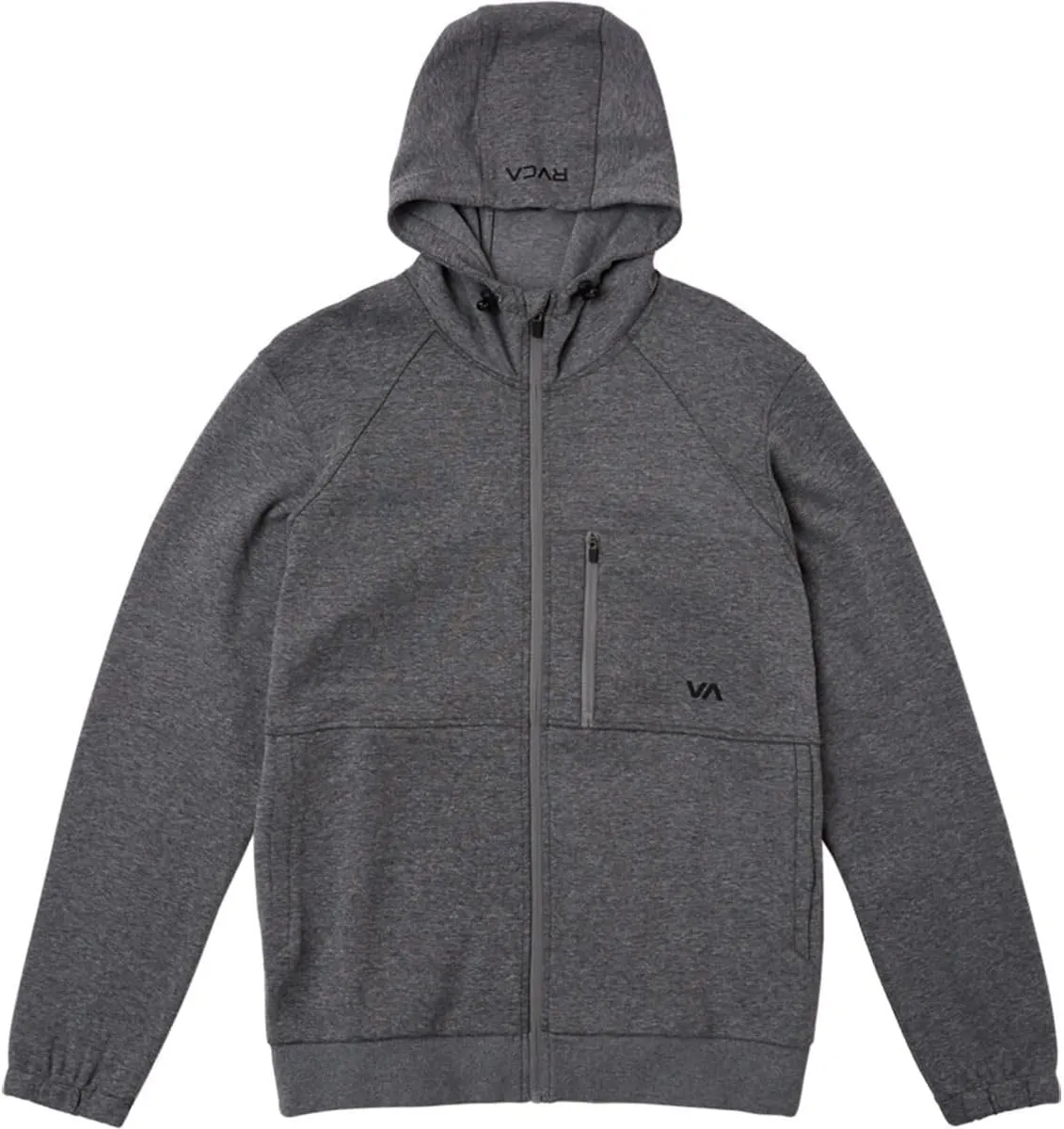 RVCA Men's Va Essential Pullover Hoodie
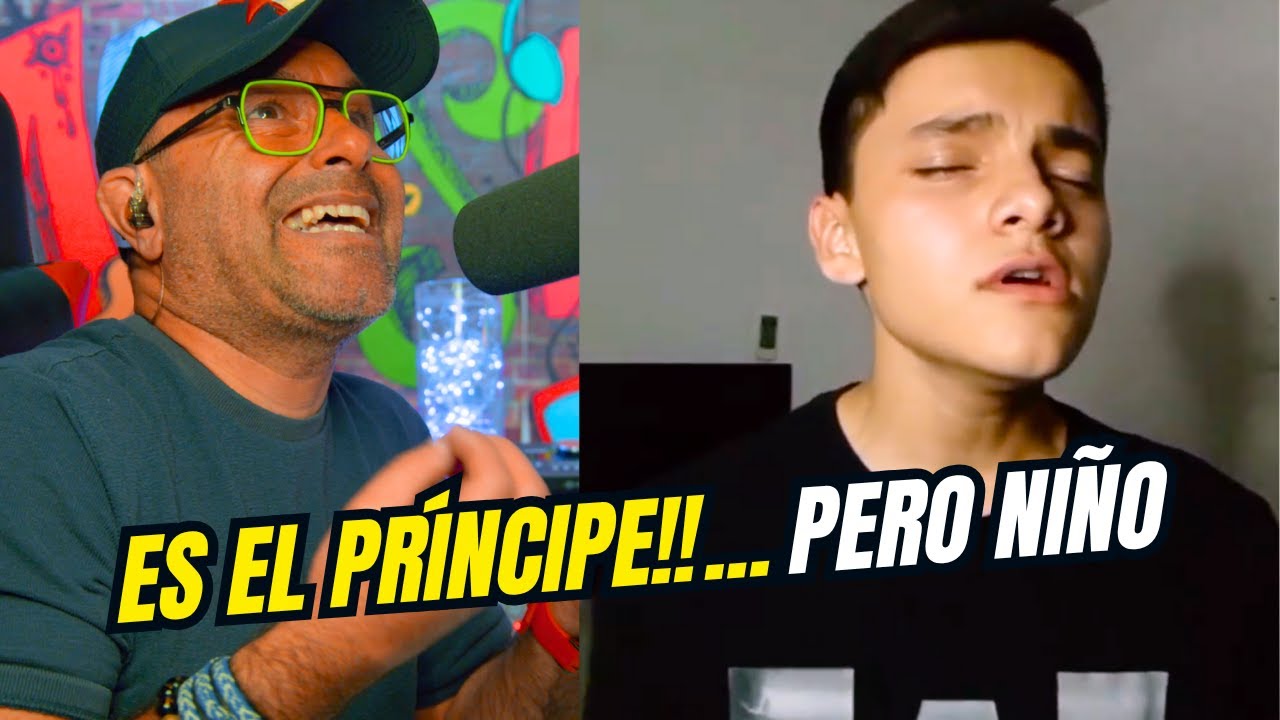Niño canta “Hasta Que Me Olvides” como JOSÉ JOSÉ | Me quedé sin palabras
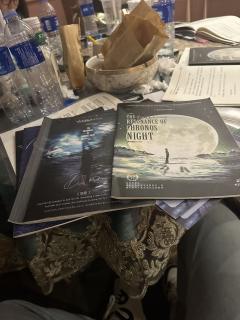 “犯规的还原本,我永远活在爱你的瞬间”
【剧本名称】:[柯罗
--
Task description: Where a picture appears in the listing above, skip it and set down all the rest exactly.

Reply to the exercise:
 RVCA Men's Va Essential Pullover Hoodie
Niño canta “Hasta Que Me Olvides” como JOSÉ JOSÉ | Me quedé sin palabras
 “犯规的还原本,我永远活在爱你的瞬间”
【剧本名称】:[柯罗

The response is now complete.